Sucked out of a plane? How it is even possible?
It nearly happened Tuesday aboard a Southwest Airlines flight headed to Dallas, when a woman was partially sucked out of the plane after a rare engine explosion caused a window to burst, NBC News reported.
But how does one get "sucked out"?
Thomas Anthony, director of the University of Southern California’s aviation safety and security program, told The Verge it all has to do with conflicting pressure inside and outside of a plane, which creates a suction.
In order for passengers to breathe at a lower air pressure and higher altitude, planes are pressurized.

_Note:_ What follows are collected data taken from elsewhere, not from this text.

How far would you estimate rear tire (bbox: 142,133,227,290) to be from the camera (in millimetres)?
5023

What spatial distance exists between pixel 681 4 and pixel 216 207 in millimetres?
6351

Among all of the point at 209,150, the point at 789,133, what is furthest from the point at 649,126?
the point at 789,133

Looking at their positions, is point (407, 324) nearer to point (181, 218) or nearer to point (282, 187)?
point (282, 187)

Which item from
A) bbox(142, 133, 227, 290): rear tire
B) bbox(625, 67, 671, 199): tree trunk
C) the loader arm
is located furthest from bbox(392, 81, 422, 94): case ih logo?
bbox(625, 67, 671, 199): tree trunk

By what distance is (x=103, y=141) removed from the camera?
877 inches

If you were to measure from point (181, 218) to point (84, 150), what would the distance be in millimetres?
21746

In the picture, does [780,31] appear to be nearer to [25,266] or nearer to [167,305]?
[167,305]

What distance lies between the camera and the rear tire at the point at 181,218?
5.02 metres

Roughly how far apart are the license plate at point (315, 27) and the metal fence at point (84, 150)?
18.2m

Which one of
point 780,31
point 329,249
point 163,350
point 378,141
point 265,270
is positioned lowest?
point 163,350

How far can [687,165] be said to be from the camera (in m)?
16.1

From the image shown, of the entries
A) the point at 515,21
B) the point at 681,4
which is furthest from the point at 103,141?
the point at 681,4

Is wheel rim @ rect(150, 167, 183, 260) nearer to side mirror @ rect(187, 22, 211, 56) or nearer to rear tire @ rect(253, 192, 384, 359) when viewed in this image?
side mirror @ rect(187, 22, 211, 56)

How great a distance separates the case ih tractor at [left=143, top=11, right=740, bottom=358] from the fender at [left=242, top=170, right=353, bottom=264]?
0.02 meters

The problem is, if the aircraft were to be punctured, especially at higher altitudes when the pressure difference is larger, passengers could be pulled from the plane.
“So commercial aircraft are kept at a pressure altitude of about 8,000 feet so that people can comfortably breathe the air,” Anthony told The Verge. “When a hole is punctured, then there’s less pressure, there’s less oxygen, and that’s when the oxygen masks come down.”

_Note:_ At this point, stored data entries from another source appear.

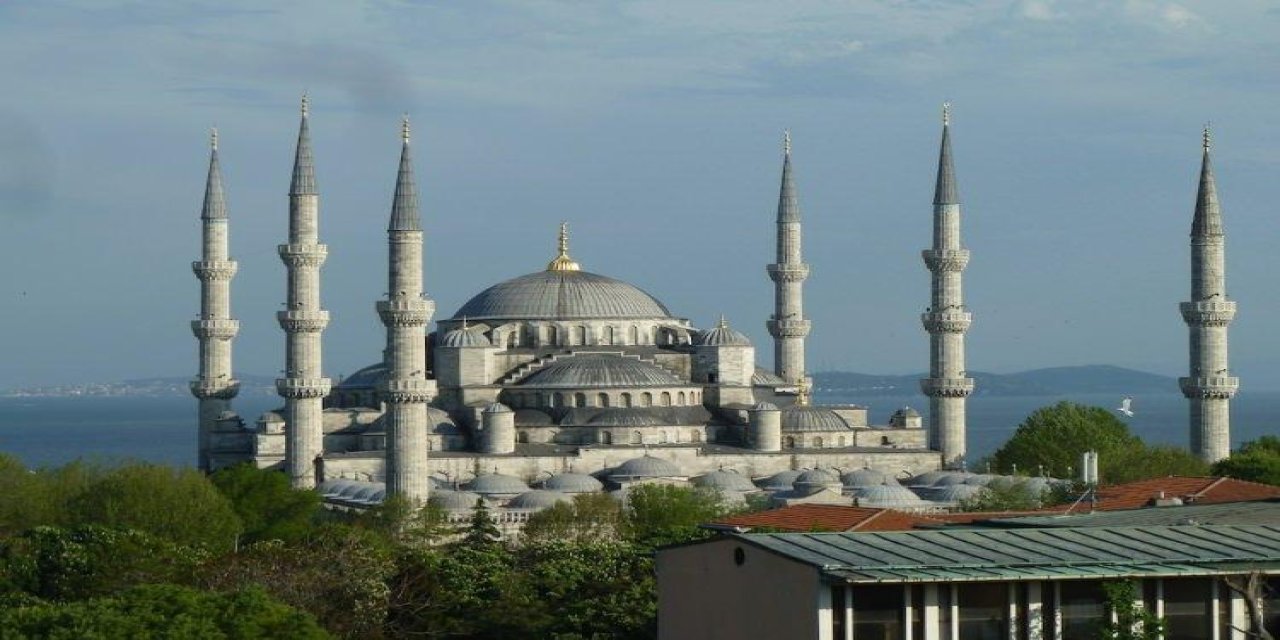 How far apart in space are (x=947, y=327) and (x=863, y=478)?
5802mm

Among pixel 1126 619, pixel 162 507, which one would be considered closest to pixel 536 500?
pixel 162 507

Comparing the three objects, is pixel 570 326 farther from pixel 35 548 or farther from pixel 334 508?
pixel 35 548

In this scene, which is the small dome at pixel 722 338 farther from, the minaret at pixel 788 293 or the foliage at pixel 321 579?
the foliage at pixel 321 579

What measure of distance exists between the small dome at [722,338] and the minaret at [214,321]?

He explained that, if the plane’s aluminum skin or composite skin were punctured, “the hole in the side of the airplane would be much greater, and, in a few cases, a person has been sucked out of the airplane.”

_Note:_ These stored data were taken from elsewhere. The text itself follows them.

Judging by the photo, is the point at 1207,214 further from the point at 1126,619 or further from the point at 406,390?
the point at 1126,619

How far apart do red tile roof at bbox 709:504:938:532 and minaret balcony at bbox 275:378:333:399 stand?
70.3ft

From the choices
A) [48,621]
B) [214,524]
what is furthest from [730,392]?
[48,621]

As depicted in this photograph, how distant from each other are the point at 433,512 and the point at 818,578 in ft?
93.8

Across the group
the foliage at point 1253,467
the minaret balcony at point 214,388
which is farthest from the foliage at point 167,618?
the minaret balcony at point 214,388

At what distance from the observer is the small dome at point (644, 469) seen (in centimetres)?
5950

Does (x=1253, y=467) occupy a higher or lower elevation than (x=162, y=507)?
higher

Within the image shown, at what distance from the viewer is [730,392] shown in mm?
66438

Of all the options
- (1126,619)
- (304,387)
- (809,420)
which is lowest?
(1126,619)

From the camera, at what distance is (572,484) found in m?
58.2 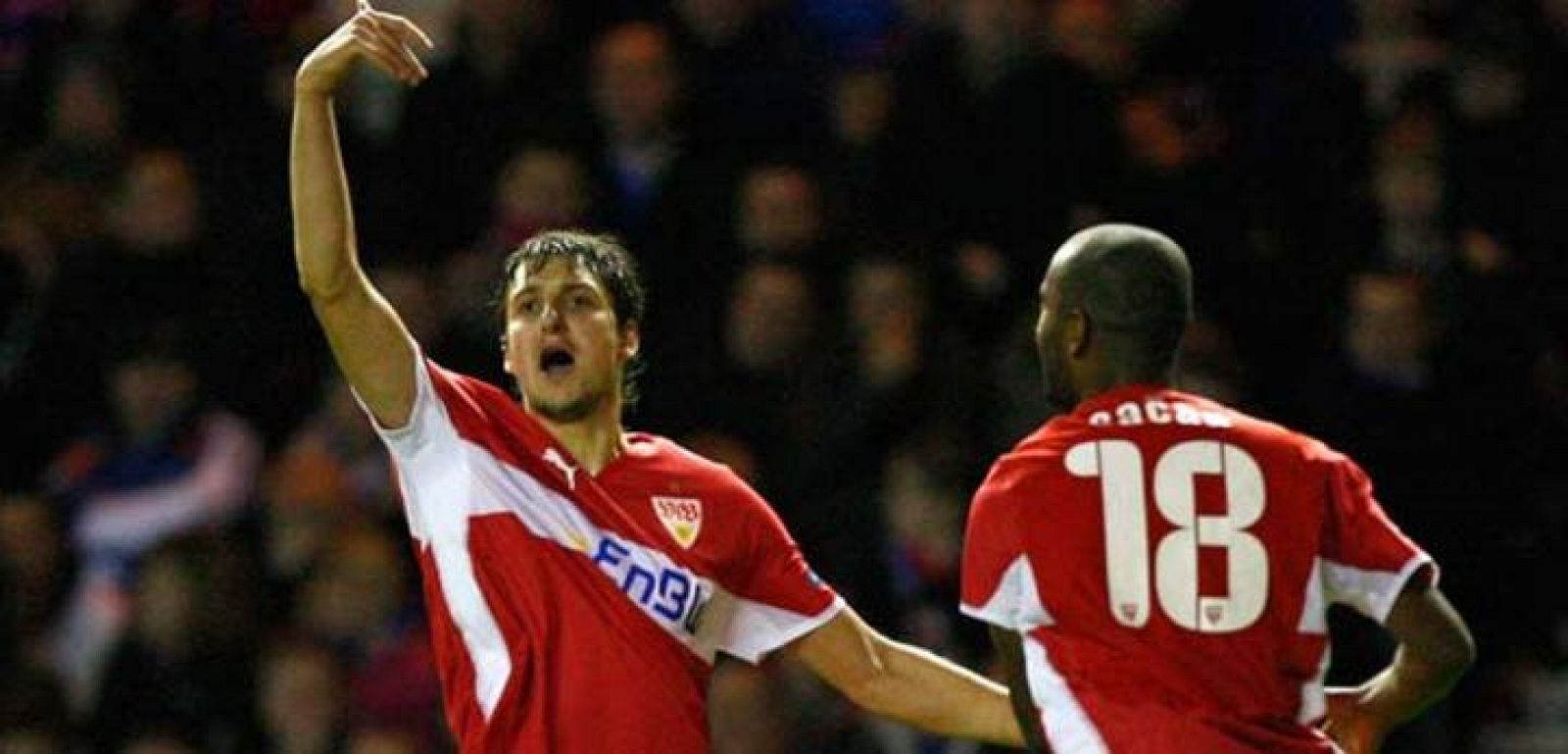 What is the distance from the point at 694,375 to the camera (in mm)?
9812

In Tuesday's incident, passengers were able to pull the woman back into the plane as it depressurized and quickly descended into Philadelphia International Airport. However, the woman later died.
There have been several other documented occasions in which passengers have been sucked out of the planes they were traveling in.
In 2003, reports emerged that 129 people were hurled out of a Russian cargo plane when it lost its door while flying over the Congo, The Associated Press reported.
In 1989, nine people were killed when the cargo door of United Airlines flight 811 blew off, causing extensive damage to the plane that resulted in its passengers being ejected from the flight and lost at sea.
In 1988, a flight attendant was swept out of an Aloha Airlines Boeing 737 when part of the fuselage peeled off during flight from Hilo to Honolulu, The New York Times said.